Stage Adaptation for Katherine Boo, Forty Free E-Book Excerpts, and More

by
Evan Smith Rakoff
5.13.13

Every day Poets & Writers Magazine scans the headlines—from publishing reports to academic announcements to literary dispatches—for all the news that creative writers need to know. Here are today’s stories:

The Writers’ Union of Canada will decide at at the end of this May whether to admit self-published authors. (Melville House)

Playwright David Hare will adapt Katherine Boo's Behind the Beautiful Forevers for the London stage. (New York Times)

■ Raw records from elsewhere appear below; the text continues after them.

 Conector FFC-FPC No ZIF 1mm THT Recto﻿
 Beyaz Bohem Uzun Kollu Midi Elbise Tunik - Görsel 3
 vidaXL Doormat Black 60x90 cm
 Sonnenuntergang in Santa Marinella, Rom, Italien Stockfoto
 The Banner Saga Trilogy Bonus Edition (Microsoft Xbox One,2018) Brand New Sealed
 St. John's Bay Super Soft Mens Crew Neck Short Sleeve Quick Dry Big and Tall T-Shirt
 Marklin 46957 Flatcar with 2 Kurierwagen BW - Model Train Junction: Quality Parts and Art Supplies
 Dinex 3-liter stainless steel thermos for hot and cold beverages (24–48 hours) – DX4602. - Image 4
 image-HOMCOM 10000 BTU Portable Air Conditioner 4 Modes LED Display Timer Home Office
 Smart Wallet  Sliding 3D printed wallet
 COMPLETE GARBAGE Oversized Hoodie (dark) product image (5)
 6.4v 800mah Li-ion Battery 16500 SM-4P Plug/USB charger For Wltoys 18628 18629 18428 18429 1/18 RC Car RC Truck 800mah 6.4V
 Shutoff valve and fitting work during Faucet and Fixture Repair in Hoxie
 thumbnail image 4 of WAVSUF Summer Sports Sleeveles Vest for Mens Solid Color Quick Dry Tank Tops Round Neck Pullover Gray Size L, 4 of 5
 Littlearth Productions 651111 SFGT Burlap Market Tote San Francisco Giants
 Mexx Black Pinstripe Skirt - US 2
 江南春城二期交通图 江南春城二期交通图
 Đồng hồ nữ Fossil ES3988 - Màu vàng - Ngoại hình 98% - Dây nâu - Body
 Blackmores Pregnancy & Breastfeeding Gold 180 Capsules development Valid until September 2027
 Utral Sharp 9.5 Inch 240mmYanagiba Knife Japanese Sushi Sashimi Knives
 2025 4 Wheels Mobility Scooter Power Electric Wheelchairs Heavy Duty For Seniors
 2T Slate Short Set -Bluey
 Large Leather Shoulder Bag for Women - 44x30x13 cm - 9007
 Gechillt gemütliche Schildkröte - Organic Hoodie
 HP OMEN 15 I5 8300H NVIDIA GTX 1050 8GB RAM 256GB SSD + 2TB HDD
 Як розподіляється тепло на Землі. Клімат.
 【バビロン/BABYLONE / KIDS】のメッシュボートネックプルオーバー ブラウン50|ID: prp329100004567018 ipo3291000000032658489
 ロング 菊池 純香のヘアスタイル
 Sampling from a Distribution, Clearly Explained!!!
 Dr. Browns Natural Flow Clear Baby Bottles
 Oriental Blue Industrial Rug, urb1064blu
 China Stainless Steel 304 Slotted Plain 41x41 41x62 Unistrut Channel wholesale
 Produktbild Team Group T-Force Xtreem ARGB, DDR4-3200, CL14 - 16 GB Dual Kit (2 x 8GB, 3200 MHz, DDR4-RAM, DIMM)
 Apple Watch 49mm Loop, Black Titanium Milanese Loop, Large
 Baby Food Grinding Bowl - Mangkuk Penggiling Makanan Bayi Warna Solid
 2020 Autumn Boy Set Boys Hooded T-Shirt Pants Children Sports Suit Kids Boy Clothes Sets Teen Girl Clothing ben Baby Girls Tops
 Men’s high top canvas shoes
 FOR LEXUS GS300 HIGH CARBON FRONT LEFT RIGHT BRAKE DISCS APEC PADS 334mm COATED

Publishers Lunch has posted free e-book excerpts from forty upcoming books, including work by Elizabeth Gilbert, Wally Lamb, and Sue Grafton. (Washington Post)

A long-lost journal composed by poet W. H. Auden has been discovered. (Independent)

On his website, Ron Slate gathered thirty writers and editors, including Erika Dreifus, Elaine Equi, and Jane Ciabattari, and asked them to reveal the many books they intend to read this summer.

“This is what Greece has been doing for the last 2500 years: winding a stopped watch and taking bets as to which politician and which party and what percentage of civic indifference will rob the country blind again.” Stephanos Papadopoulos looks at the long relationship of poetry and Greece. (Los Angeles Review of Books)

Author Mira Ptacin examines the “bittersweet predicament” of a pregnancy without insurance. (Guernica)

From the department of things found online—a rare color photo of Mark Twain.